J’ai voulu écrire et décrire cette perte d’épaisseur humaine dans nos sociétés contemporaines. Chaque jour, on assiste à des scènes glaciales d’indifférence, qui blessent. Sobhi est toutes ces personnes que j’ai croisées. Sobhi incarne cette tentative de comprendre autrui. Je suis attirée par les écritures qui donnent une voix aux solitaires, aux aliénés, aux fous, aux amoureux, aux marginalisés. Oui, donner la parole à ceux qui ne l’ont pas.

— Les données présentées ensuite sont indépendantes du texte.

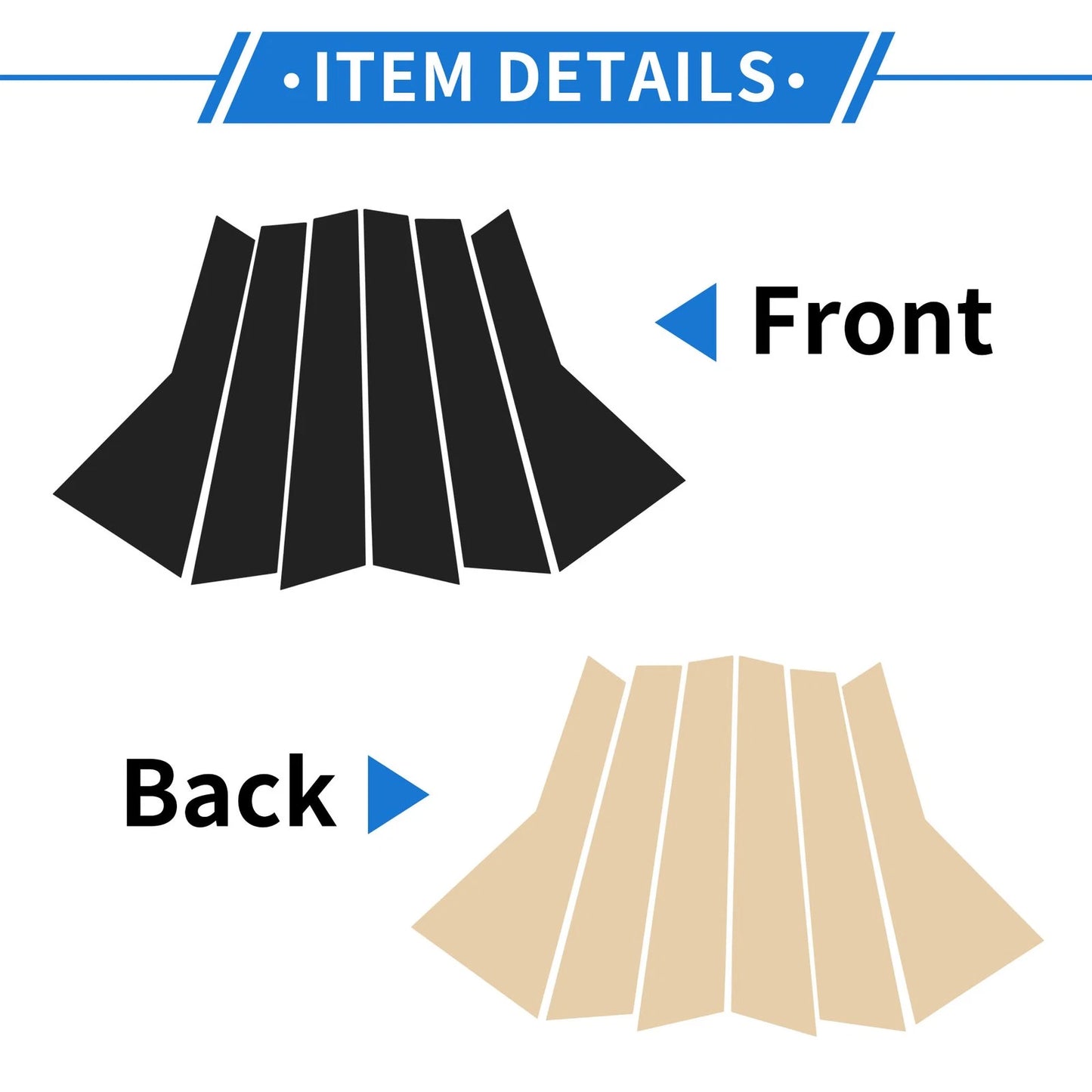 Set of 6 Door Pillar Window Trim for Land Rover Range (2014–2021) Black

Le Matin d’Algérie : Le roman donne une voix à ceux qu’on n’entend pas. Écriviez-vous avec une forme de mission ou de devoir éthique ?
Basma Omrani : Lorsque j’ai entamé l’écriture de cette histoire, je ne savais pas où elle allait me mener. Je voulais dénoncer les ravages de la solitude, de la pauvreté, du vide existentiel que traversent tant de gens. Je voulais aussi démystifier l’image idéalisée de l’Europe : arrêter de croire qu’elle offre des solutions à tous les problèmes, et évoquer ces immigrés qui se sentent marginalisés, stigmatisés, souvent confrontés à des conditions de vie très précaires.
Le Matin d’Algérie : Votre langue est à la fois sobre et très travaillée, poétique sans ostentation. Quelle est votre relation au style ? Est-ce un acte de résistance face à la banalité ?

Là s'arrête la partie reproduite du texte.